GOAL OF THE EXERCISE — Copy out the entire listing below exactly, but without its pictures.

** Opening DATA BLOCK block **

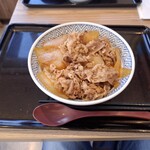 吉野家 - 料理写真:牛丼大盛つゆだく(税込740からキャンペーンで-100円)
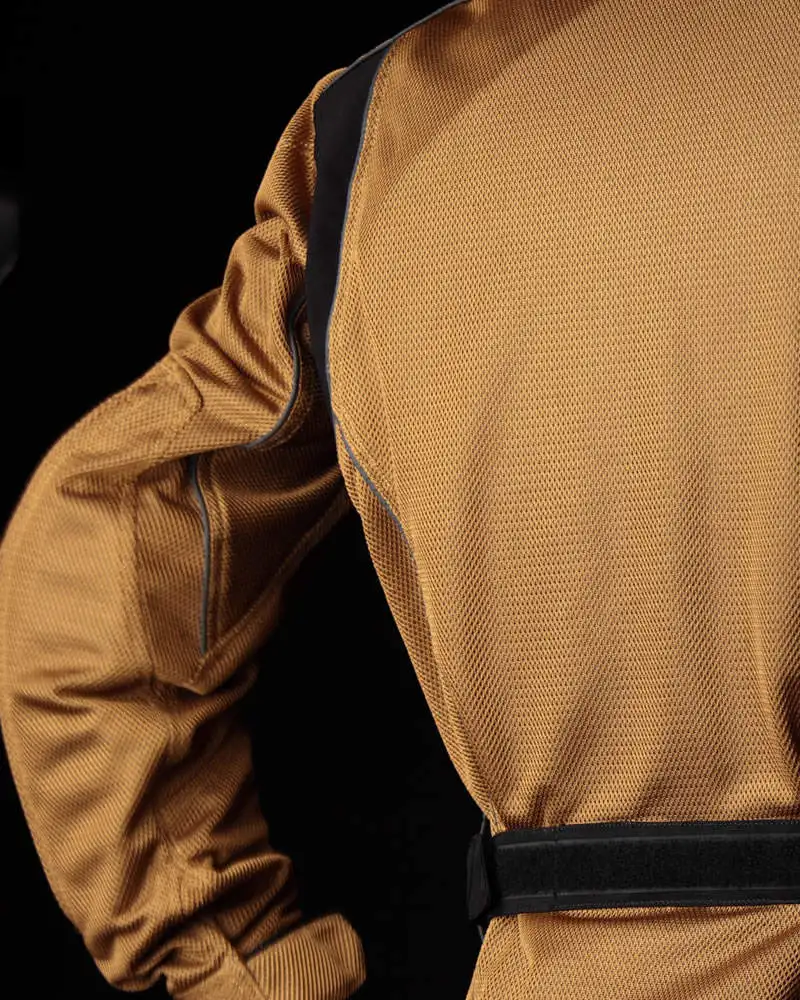 KUSHITANI  K-2167 FULL MESH JACKET  4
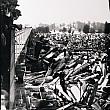 Detroit, Grand Haven & Milwaukee RR Bridge Looking West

** Closing DATA BLOCK block **

EXERCISE RESULT —
 吉野家 - 料理写真:牛丼大盛つゆだく(税込740からキャンペーンで-100円)
 KUSHITANI  K-2167 FULL MESH JACKET  4
 Detroit, Grand Haven & Milwaukee RR Bridge Looking West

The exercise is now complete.